St John Fisher: Our Vision
At St John Fisher, we strive to create a school community where children and adults achieve their full potential and SHINE! We will achieve this through engagement, high expectations and by treating all with respect and dignity.
St John Fisher is a Catholic School under the trusteeship of the Archdiocese of Liverpool. It is maintained by Knowsley Council. As a Voluntary Aided School, the Governing Body is the Admissions Authority and is responsible for taking decisions on applications for admissions. The co-ordination of admissions arrangements is undertaken by the Local Authority. For the school’s year commencing September 2021, the Governing Body has set its admissions number at 30.
Our principal role as a Catholic school is to participate in the mission of the Catholic Church by providing a framework which will help children to grow in their understanding of the Good News and in the practice of their faith. The school will help the children develop fully as human beings and prepare them to undertake their responsibilities as Catholic in society. The school asks all parents applying for a place here to respect this ethos and its importance to the school community. This does not affect the rights of parents who are not of the faith of this school to apply for and be considered for a place here.
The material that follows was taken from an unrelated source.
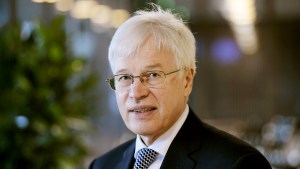 Nobel perspectives: Crafting economic knowledge for the real world, part two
ADMISSIONS TO THE SCHOOL will be determined by the Governing Body. Parents must complete a Local Authority Preference Form or apply online via the website www.knowsley.gov.uk/schooladmissions. If you wish to have your application considered against the school’s faith/denomination criteria then you should ALSO complete the Supplementary Faith Form which is available from the school. All preferences listed will be considered on an equal basis and, where there are more applications than the number of places available, the following set of OVERSUBSCRIPTION CRITERIA will be applied:
- Looked after children and previously looked after children. This includes children who appear to have been in state care outside of England and ceased to be in state care as a result of being adopted.
- Baptised Catholic children who have a sibling in the school at the time of admission.
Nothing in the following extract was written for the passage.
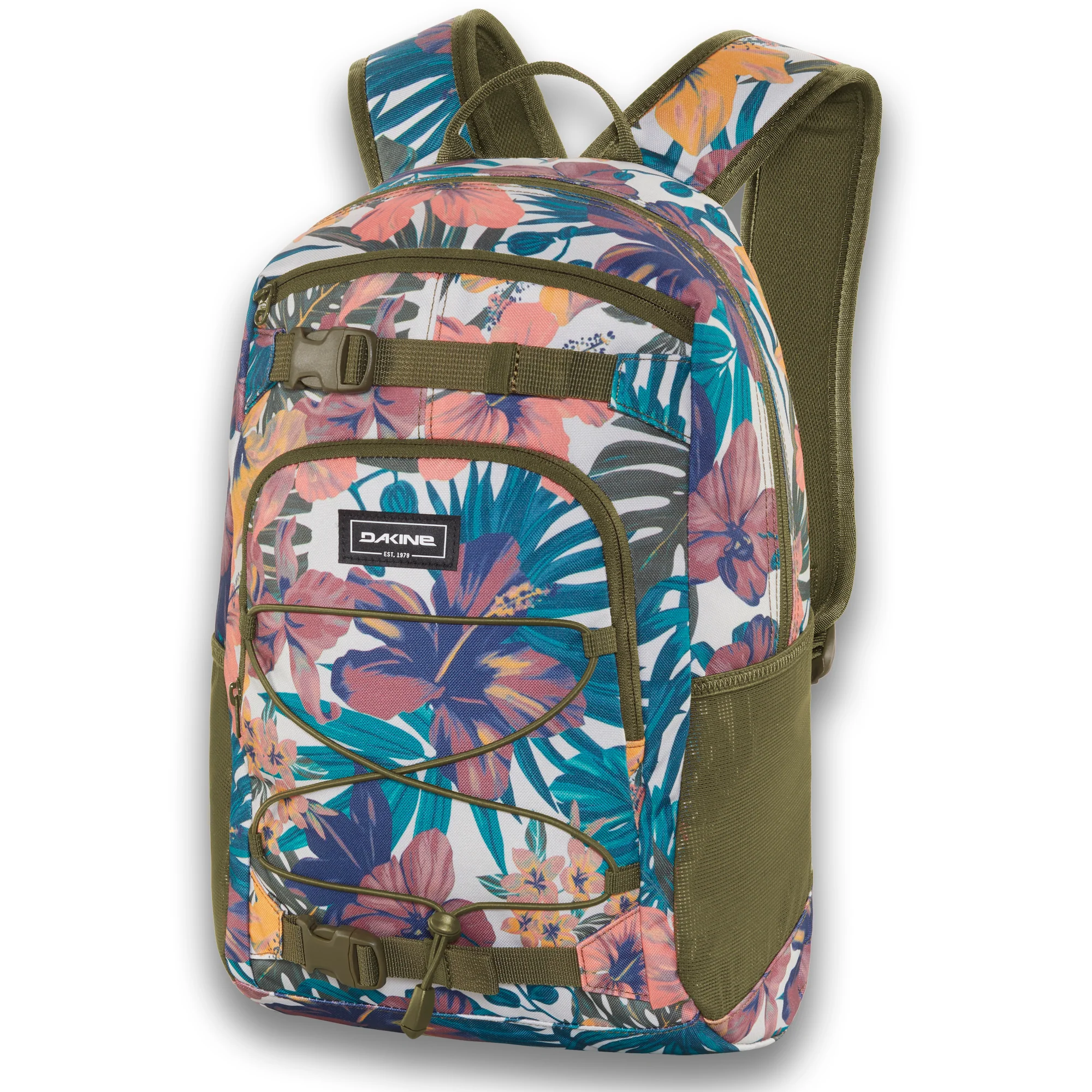 Dakine Backpack Grom 13L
- Baptised Catholic children resident in the parish of St John Fisher.
- Other baptised Catholic children.
- Other children who have a sibling in the school at the time of admission.
- Children from other Christian denominations. Proof of Baptism in the form of a Baptismal Certificate or confirmation in writing that the applicant is a member of their Faith community from an appropriate Minister of Religion is required.
- Children of other faiths. An appropriate Faith Leader would need to confirm in writing that the applicant is a member of their faith group.
- Other children.
If it is not possible to offer places for all applications within any criteria above, then places will be allocated to the children who live nearest to the school. Distance will be measured by the local authority which will carry out straight line measurements (‘as the crow flies’) using a computerised Geographical Information System (GIS) based on the Local Land and Property Gazetteer (LLPG) data and national grid co-ordinates for the school and home address.
Children with a Statement of Special Educational Needs or Education Health Care Plan that names a school will be offered place without using the admission criteria and will count as part of the school’s published admission number.
- All applications submitted before the national closing date will be considered equally and included in the Local Authority initial allocation of school places. Applications received after the national closing date will be processed in accordance with the Knowsley admissions scheme for schools detailed in the Knowsley admissions information booklets.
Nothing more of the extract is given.